# [EXERCISE]
Filter the records below for the word "image". Keep each line that has it.

#### EXTRACTED INFORMATION ####

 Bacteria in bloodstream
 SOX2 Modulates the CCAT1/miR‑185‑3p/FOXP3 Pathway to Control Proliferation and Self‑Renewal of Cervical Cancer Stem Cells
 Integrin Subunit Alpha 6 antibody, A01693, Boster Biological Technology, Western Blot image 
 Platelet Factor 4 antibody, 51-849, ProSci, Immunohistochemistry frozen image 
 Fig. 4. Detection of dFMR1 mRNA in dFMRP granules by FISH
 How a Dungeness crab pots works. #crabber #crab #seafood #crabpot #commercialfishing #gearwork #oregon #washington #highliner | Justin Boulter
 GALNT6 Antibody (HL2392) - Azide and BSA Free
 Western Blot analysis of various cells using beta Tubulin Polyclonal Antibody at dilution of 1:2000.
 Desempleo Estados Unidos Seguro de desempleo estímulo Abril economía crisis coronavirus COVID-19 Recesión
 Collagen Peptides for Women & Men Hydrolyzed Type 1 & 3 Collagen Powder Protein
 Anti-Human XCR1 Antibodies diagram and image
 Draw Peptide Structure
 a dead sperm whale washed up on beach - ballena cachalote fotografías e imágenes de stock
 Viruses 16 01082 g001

####

# [TASK RESPONSE]
 Integrin Subunit Alpha 6 antibody, A01693, Boster Biological Technology, Western Blot image 
 Platelet Factor 4 antibody, 51-849, ProSci, Immunohistochemistry frozen image 
 Anti-Human XCR1 Antibodies diagram and image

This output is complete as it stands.